Work required
Repeat all of the data below word for word, keeping no images.

(Beginning of Exercise materials)

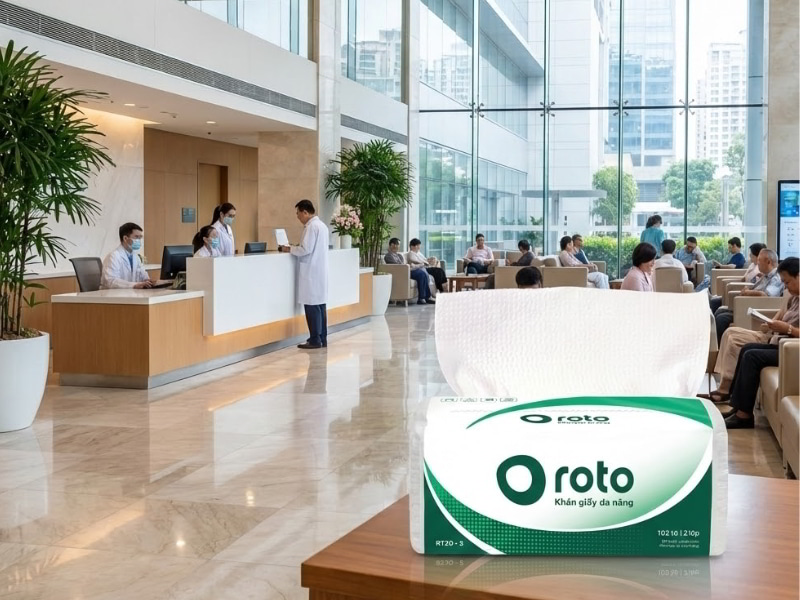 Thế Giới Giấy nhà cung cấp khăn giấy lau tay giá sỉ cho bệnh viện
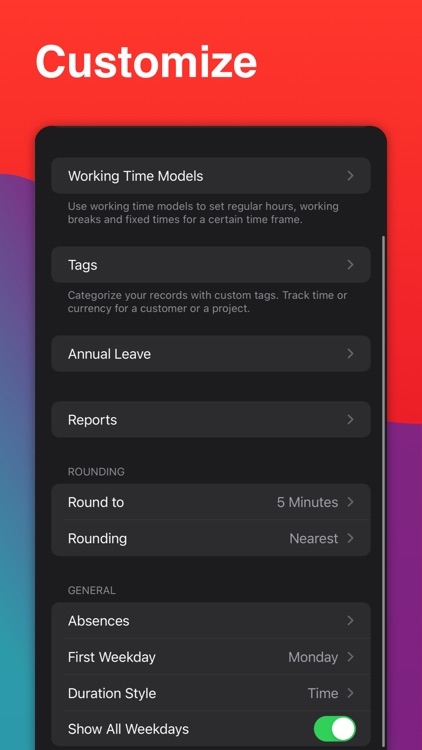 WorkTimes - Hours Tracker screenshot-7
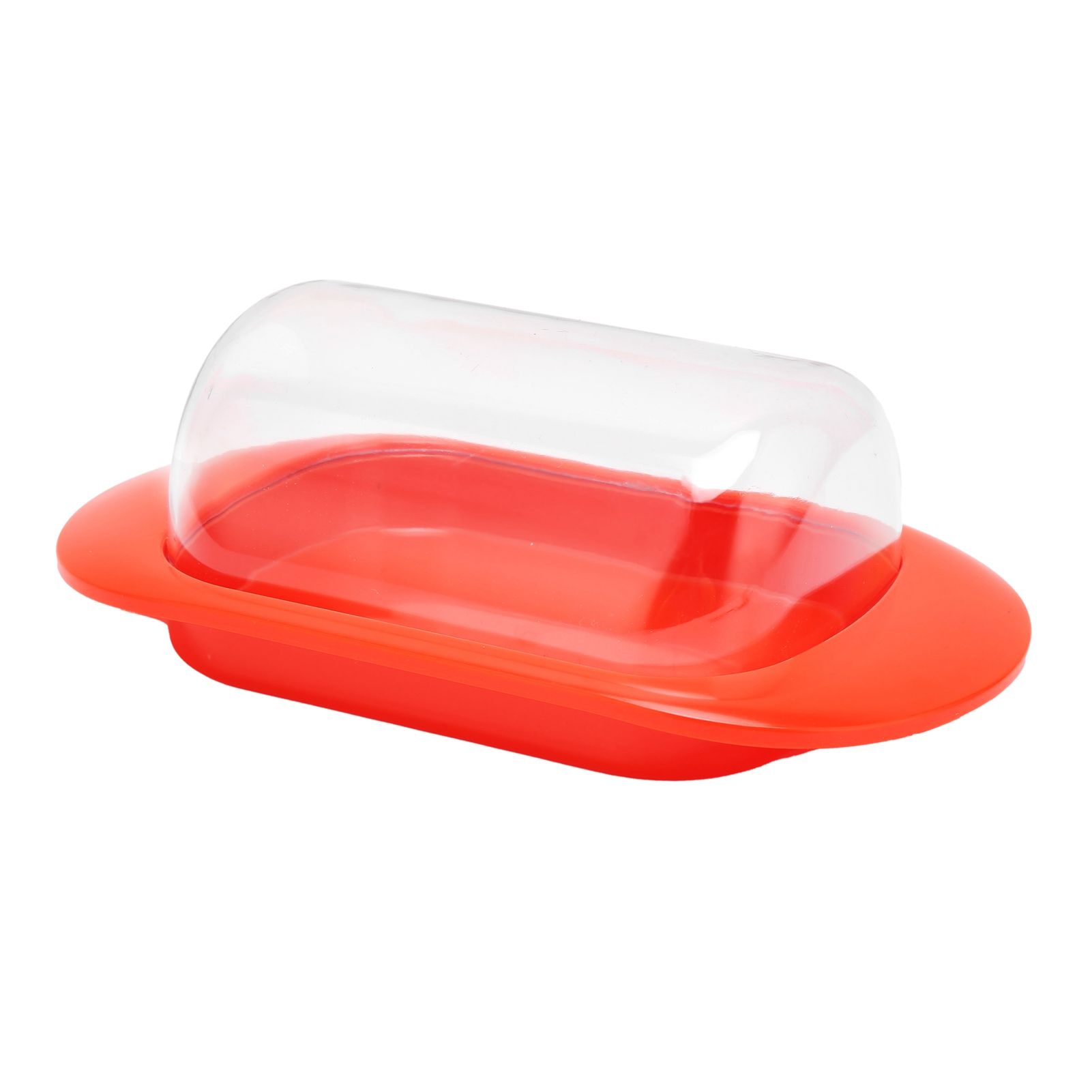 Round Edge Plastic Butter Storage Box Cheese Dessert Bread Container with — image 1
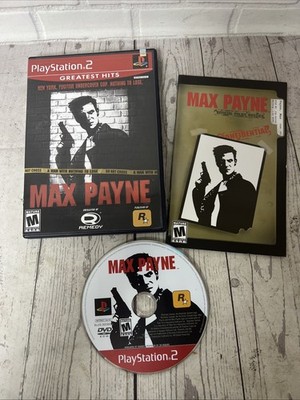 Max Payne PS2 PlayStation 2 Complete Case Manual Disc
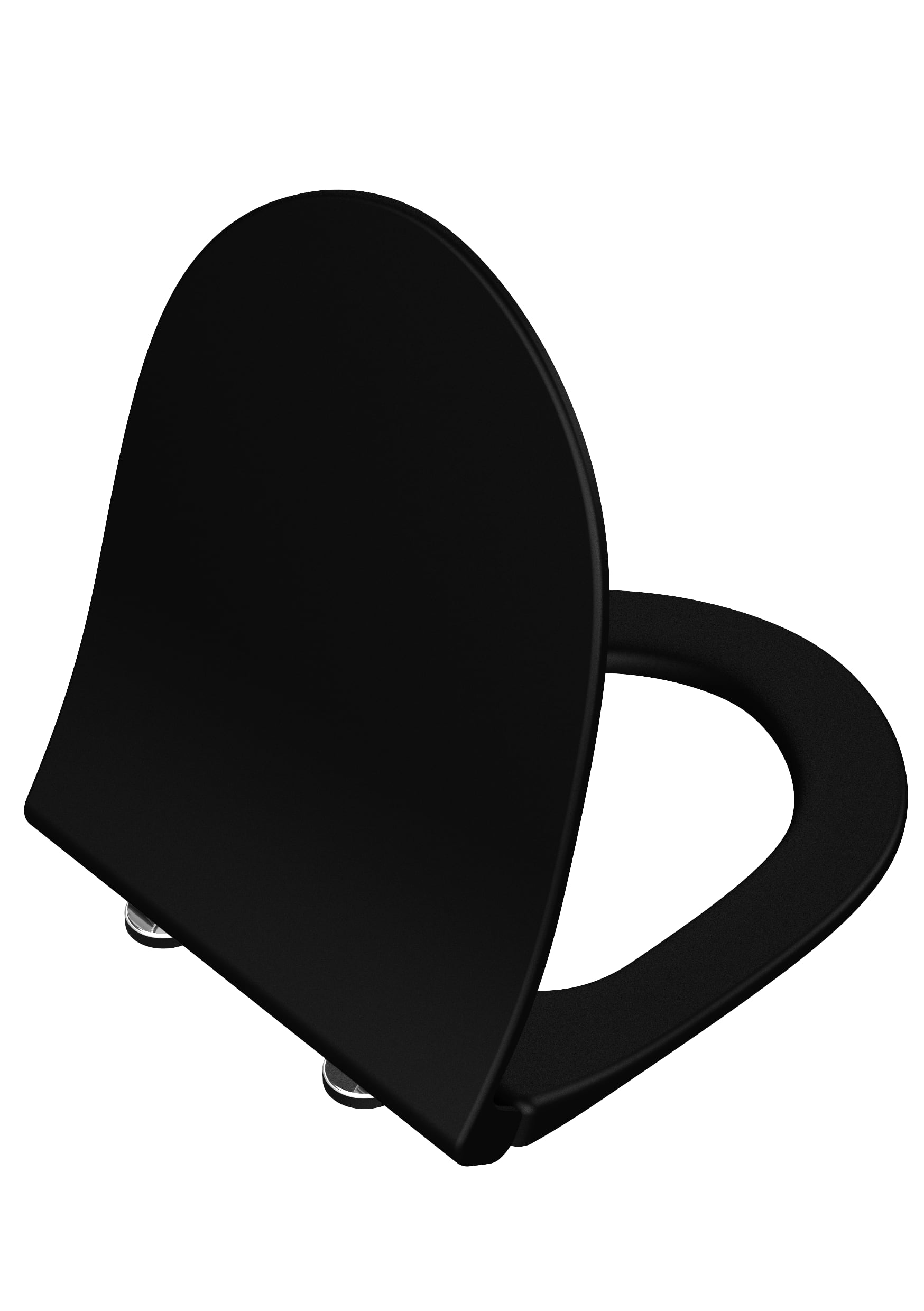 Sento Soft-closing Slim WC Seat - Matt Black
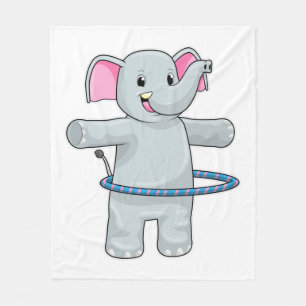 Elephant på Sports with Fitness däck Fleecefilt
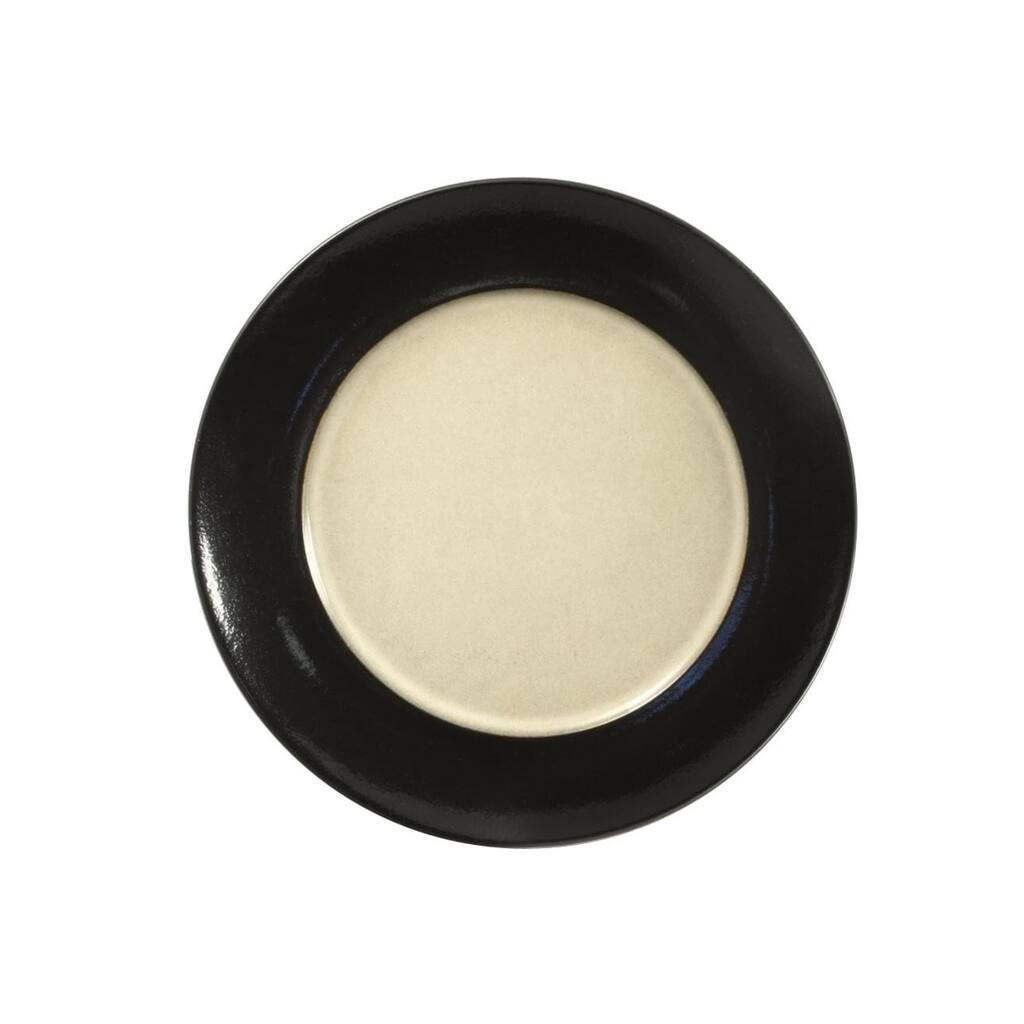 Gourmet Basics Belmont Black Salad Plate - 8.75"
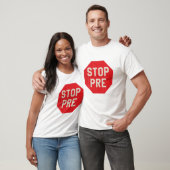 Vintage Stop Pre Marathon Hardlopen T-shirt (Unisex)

(End of Exercise materials)

Answer to this task
 Thế Giới Giấy nhà cung cấp khăn giấy lau tay giá sỉ cho bệnh viện
 WorkTimes - Hours Tracker screenshot-7
 Round Edge Plastic Butter Storage Box Cheese Dessert Bread Container with — image 1
 Max Payne PS2 PlayStation 2 Complete Case Manual Disc
 Sento Soft-closing Slim WC Seat - Matt Black
 Elephant på Sports with Fitness däck Fleecefilt
 Gourmet Basics Belmont Black Salad Plate - 8.75"
 Vintage Stop Pre Marathon Hardlopen T-shirt (Unisex)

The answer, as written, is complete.